The United States has dramatically increased its production of oil from tight formations like shale tight oil in the last five years, but refining and pipeline limitations have created bottlenecks of crude that have lowered prices and discouraged production, Lance said at the 2013 Deloitte Oil and Gas Conference in Houston.
Most of the country’s domestic refineries are designed to process the heavy, sour crude coming from Canada and South America, while the shale regions are producing a lighter, sweet crude for which US refineries are not well-equipped.

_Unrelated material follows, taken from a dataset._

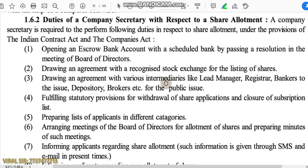Next topic is duties of a company secretary with respect to share allotment. Generally, the company secretary has to follow the provisions of two main acts while share allotment: the Indian Contract Act and the Companies Act 2013. The first duty is opening an escrow bank account with a scheduled bank by passing a resolution in the meeting of the board of directors. The escrow bank account must be opened with a scheduled bank only.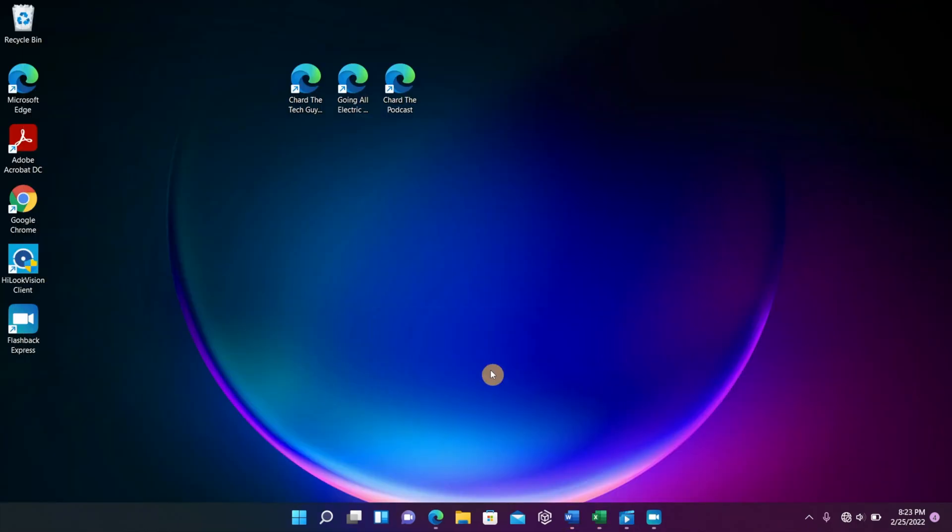So that's how you have quick access to your download folder, your pictures folder, your music folder directly, just like you used to when you had Windows 10.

“The refineries are tooled up for sour crudes, with only so much capacity for light sweet crudes,” Lance said. “Either you are going to shut down production, or you get wide differentials to try to incentivize capital investment in more facilities. The world needs the crude and there are places where we could export that crude into existing refineries.”
The Obama administration has approved four export permits for liquefied natural gas in light of the nation’s shale gas boom. Now, as production of tight oil continues to increase, some lawmakers are raising questions about easing of the ban on crude exports.
The United States holds 17 percent of the 345 billion barrels of technically recoverable shale oil resources, Lance said. Refining the lighter crude overseas would be more economic for domestic consumers, because it would be cheaper to use existing refineries overseas than to make the capital investments to refine the increased production domestically.
“It will ultimately give the consumer cheaper prices at the pump,” Lance said. “I accept that it is going to be pretty hard climb in D.C., but we need to start making the case for the economic benefits.”